[Captioned web images]

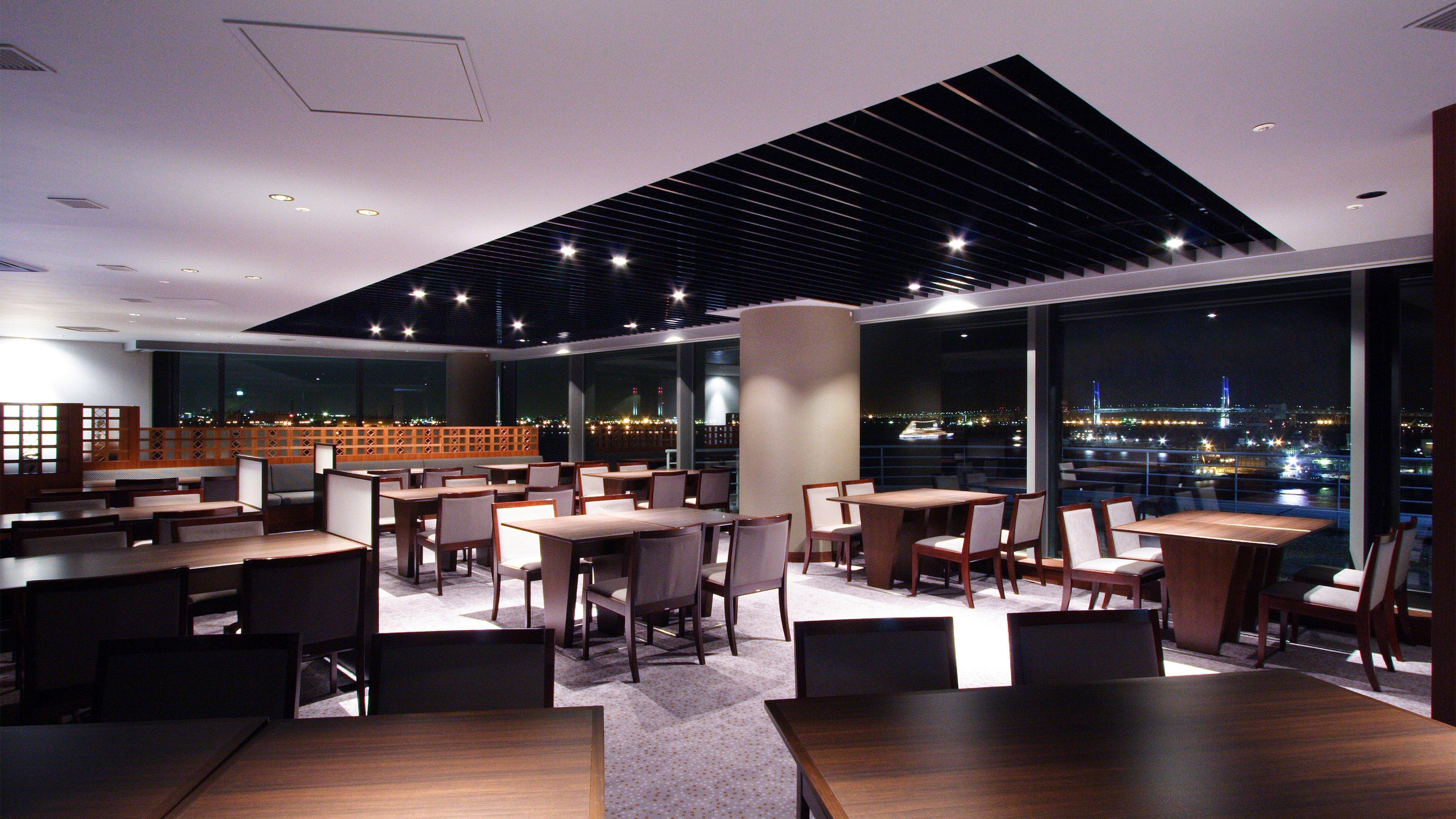 Intercontinental Yokohama Grand By Ihg Hotel Exterior photo The interior of the lounge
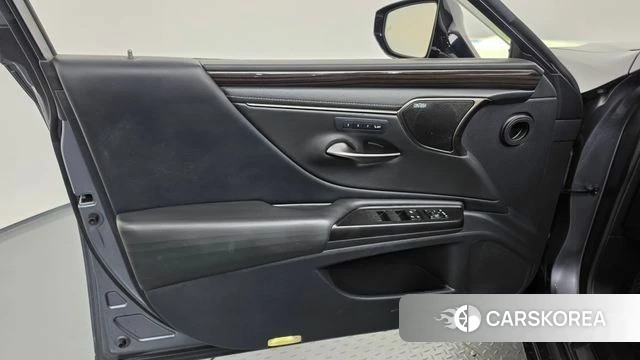 Lexus ES300h 7th generation id 5041824 из Кореи 16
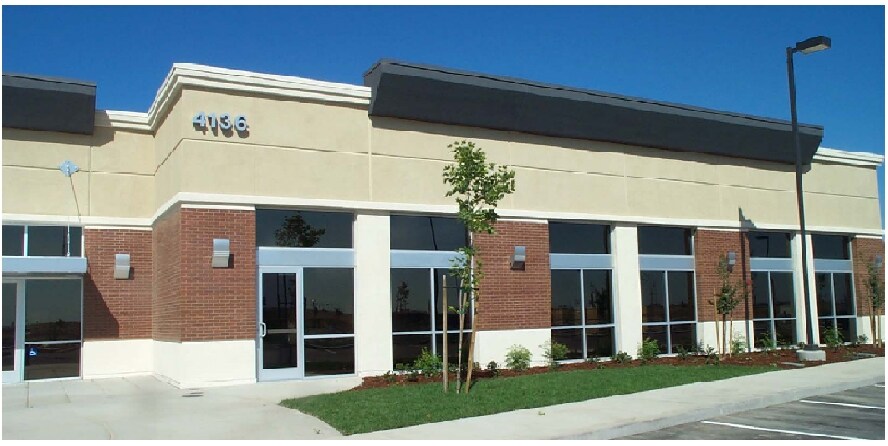 4136 E Commerce Way, Sacramento, CA à louer - Photo de l’immeuble – Image 2 sur 7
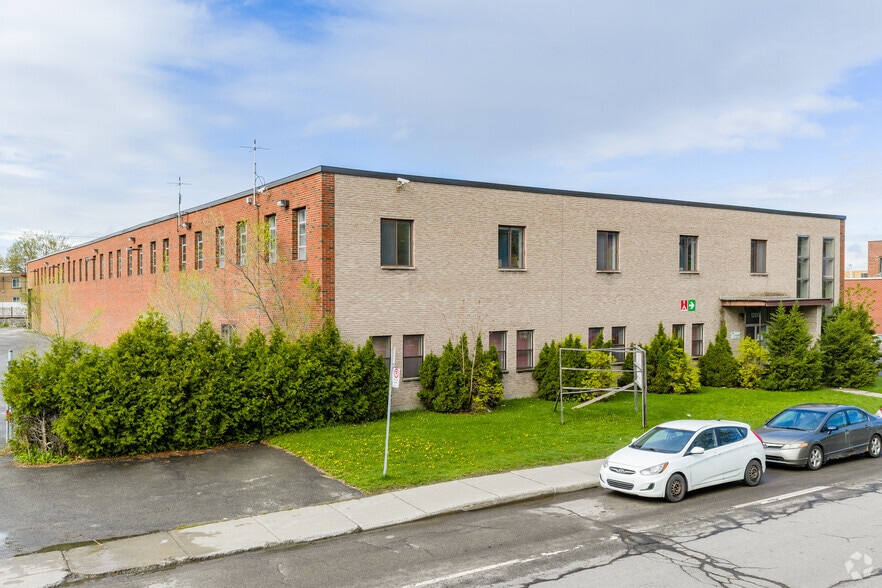 More Photos Of 1280 Boul Jules-Poitras, Montréal Warehouse For Lease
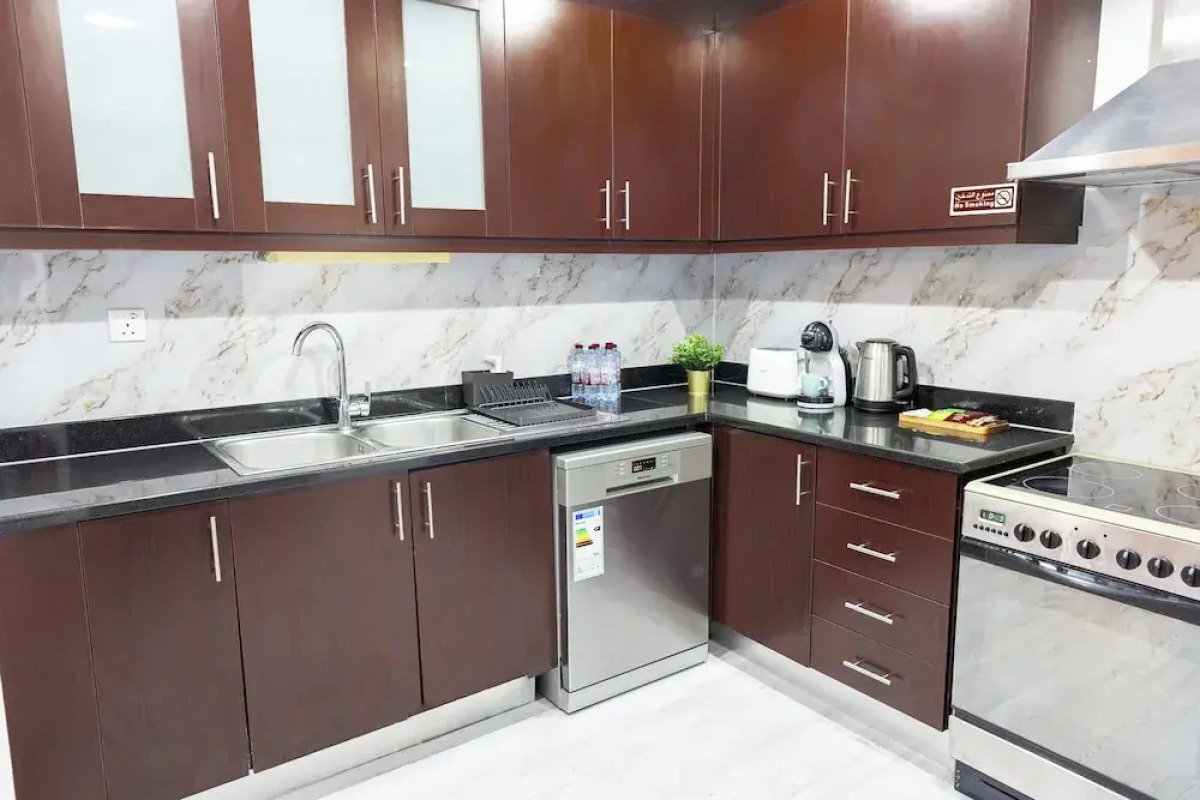 HAPPY SEASON I Amwaj apartment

EXERCISE PROMPT: Only the lines from the one that holds "Lexus ES300h 7th" through the end of the records above should be printed again, exactly as they are. Leave out the pictures.

WRITTEN ANSWER:
 Lexus ES300h 7th generation id 5041824 из Кореи 16
 4136 E Commerce Way, Sacramento, CA à louer - Photo de l’immeuble – Image 2 sur 7
 More Photos Of 1280 Boul Jules-Poitras, Montréal Warehouse For Lease
 HAPPY SEASON I Amwaj apartment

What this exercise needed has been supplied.